From November 30-December 6, 2009, the mushrooming Woods story filled 6.4% of the newshole, making it the No. 3 sports scandal in weekly coverage since the PEJ began the News Coverage Index in January 2007. And to some degree, that understates the level of attention Woods has received, since the Index tracks the mainstream press and not tabloid or celebrity-oriented media outlets. (The week of December 7-13, the story slipped to 2.8% of the newshole but was still the No. 10 story.)
But the Woods saga was no match for the coverage generated by ex-football star O.J. Simpson. On September 16, 2007 Simpson was arrested for armed robbery and kidnapping during an attempt to reclaim sports memorabilia at a Las Vegas hotel, a crime of which he was convicted. That story accounted for 13.5% of the newshole from September 16-21, 2007, marking the single biggest week of coverage for any sports-related scandal.
The-next-biggest story was the release of the so-called Mitchell Report, a 400-page investigation into of the use of illegal performance-enhancing substances in major league baseball that identified 89 players who allegedly used those substances. That event filled 7.1% of the newshole from December 9-14, 2007.

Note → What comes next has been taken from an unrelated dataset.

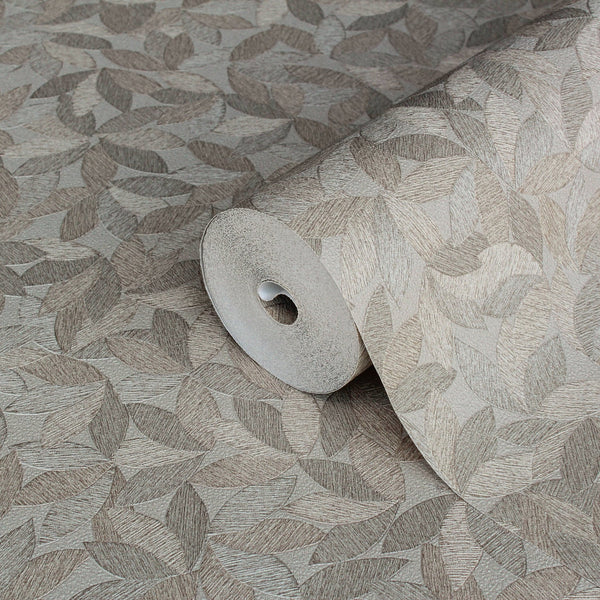Greige Leaf Pattern Wallpaper, Natural Wallpaper, Modern & Minimalist Wall Covering, Modern Look Neutral Colors Glittering Wallcovering - Adawall Wallpaper -Registered Trade Accounts Only, Wallpaper Wholesale Account - 25109-4 - Adawall Wholesale - Wallpaper Wholesaler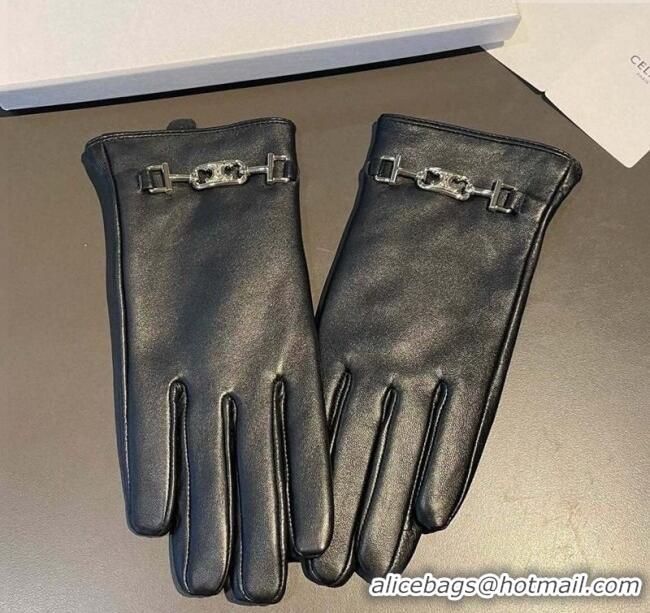 Top Grade Celine Lambskin and Cashmere Gloves with Chain 1111 Black 2025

Two other steroid-related stories registered among the top sports scandals in the past three years. When retired pitching great Roger Clemens went before Congress and denied using performance enhancing drugs, that story accounted for 5.1% of the coverage from February 11-17, 2008. And the November 15, 2007 indictment of home run king Barry Bonds for perjury before a grand jury investigating steroid use filled 3.1% of the newshole from November 11-16, 2007.
The fifth-biggest sports scandal was NFL quarterback Michael Vick’s guilty plea to dog fighting charges on August 20, 2007, a crime for which he spent 19 months in prison. Coverage of Vick, who has now embarked on a comeback with the Philadelphia Eagles, filled 3.7% of the overall newshole from August 19-24, 2007.